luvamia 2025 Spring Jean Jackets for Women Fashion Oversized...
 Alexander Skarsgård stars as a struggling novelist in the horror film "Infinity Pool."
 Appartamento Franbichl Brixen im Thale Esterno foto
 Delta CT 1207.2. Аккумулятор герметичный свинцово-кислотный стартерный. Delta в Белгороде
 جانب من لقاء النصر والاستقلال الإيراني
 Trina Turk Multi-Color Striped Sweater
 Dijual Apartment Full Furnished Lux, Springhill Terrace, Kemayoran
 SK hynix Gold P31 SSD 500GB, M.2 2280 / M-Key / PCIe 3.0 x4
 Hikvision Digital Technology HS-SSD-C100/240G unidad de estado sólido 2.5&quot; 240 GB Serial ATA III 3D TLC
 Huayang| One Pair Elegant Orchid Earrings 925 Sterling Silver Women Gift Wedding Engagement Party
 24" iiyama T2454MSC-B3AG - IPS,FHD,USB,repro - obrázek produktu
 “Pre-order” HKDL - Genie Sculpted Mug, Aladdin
========
- **Assigned task**
Beginning with the line that holds "Hikvision Digital Technology", please give again each line exactly until the records end, and include that final line.

- **Expected output**
 Hikvision Digital Technology HS-SSD-C100/240G unidad de estado sólido 2.5&quot; 240 GB Serial ATA III 3D TLC
 Huayang| One Pair Elegant Orchid Earrings 925 Sterling Silver Women Gift Wedding Engagement Party
 24" iiyama T2454MSC-B3AG - IPS,FHD,USB,repro - obrázek produktu
 “Pre-order” HKDL - Genie Sculpted Mug, Aladdin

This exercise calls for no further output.